Du lundi au samedi de 10h à 12h30 et de 13h30 à 19h

iReMMO 5, rue Basse des Carmes, 75005 Paris (M° Maubert Mutualité)




Cette exposition est née à partir du projet de webdocumentaire Fabriq Algeria, consacré à la nouvelle création en Algérie et réalisé par Camille Leprince, chargée de mission Maghreb-Machreq au CCFD-Terre Solidaire. A travers leurs images, les jeunes artistes tels que Lamine Ammar-Khodja et Hassen Ferhani se révèlent des témoins et des passeurs incontournables pour saisir ce qui se joue de l’autre côté de la Méditerranée. Appréhender l’Algérie d’aujourd’hui, son rapport complexe au monde hérité du passé colonial, mais aussi le poids des violences des années 90 et, enfin, la force d’inertie ambiante alors que les sociétés voisines sont en ébullition. Ce sont ces interrogations qui apparaissent en filigrane dans les photographies de ces deux artistes, à travers un prisme particulier : celui de jeunes Algériens qui négocient une place dans leur société autant qu’ils cherchent à créer une brèche, entre mélancolie et pulsations de vie.

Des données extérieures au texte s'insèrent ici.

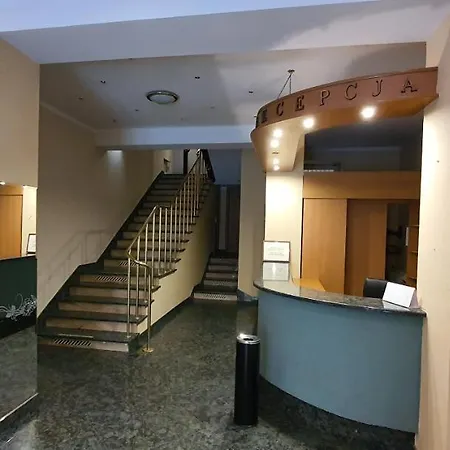 Hostel Ratuszowy-3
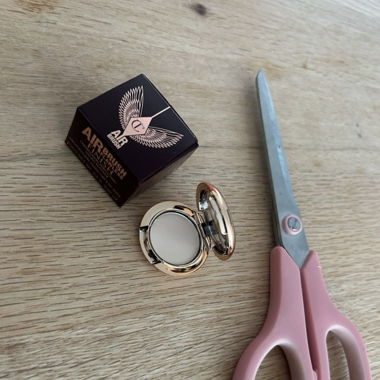 Charlotte Tilbury Mini Puder
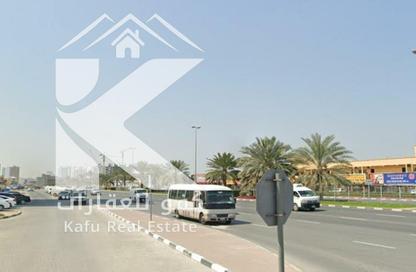 Land - Studio for sale in Al Rawda 3 - Al Rawda - Ajman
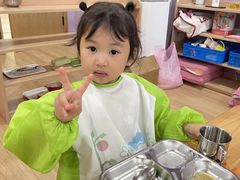 -贝思特·蒙特梭利早教
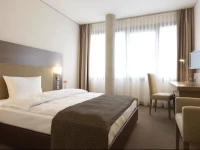 InterCityHotel Mannheim 4*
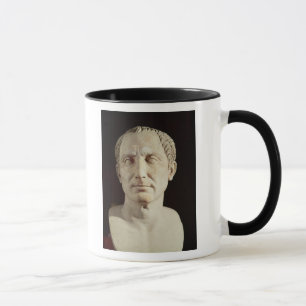 Fehlschlag von Julius Cäsar 2 Tasse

Les deux réalisateurs Hassen Ferhani et Lamine Ammar-Khodja sont passés à une pratique photographique depuis peu et développent avec ce médium un nouveau rapport au quotidien. La photographie devient témoignage spontané. Tous deux s’interrogent sur le sens politique des images et le rapport au sensible. Dépeindre Alger sous la pluie, faire apparaître les marginaux de cette ville, capter les regards échangés par des amoureux, mettre en scène l’ennui… Ils adoptent dans leur démarche photographique la même approche que dans le documentaire : montrer des images qu’on ne voit ni à la sur l’écran TV ni dans le « fennec cinéma » ou dans le cinéma destiné à l’exportation.
Photographie de Lamine Ammar-Khodja
Lamine a grandi à Bab Ezzouar, une banlieue d’Alger. À 19 ans, il est parti à Paris juste pour partir. Il dit aimer les images donc la littérature, mais la musique plus que tout… et donc le cinéma puisqu’il peut rassembler tout ça. Il est allé à Lussas étudier la chose en 2009-2010 puis a réalisé plusieurs courts-métrages autour de l’identité, de la mémoire et de la jeunesse. Il a obtenu le prix du Premier Film au Festival International du Documentaire Marseille en 2012 pour son premier long métrage Demande à ton ombre, carnet d’un retour au pays natal lors des révoltes de 2011.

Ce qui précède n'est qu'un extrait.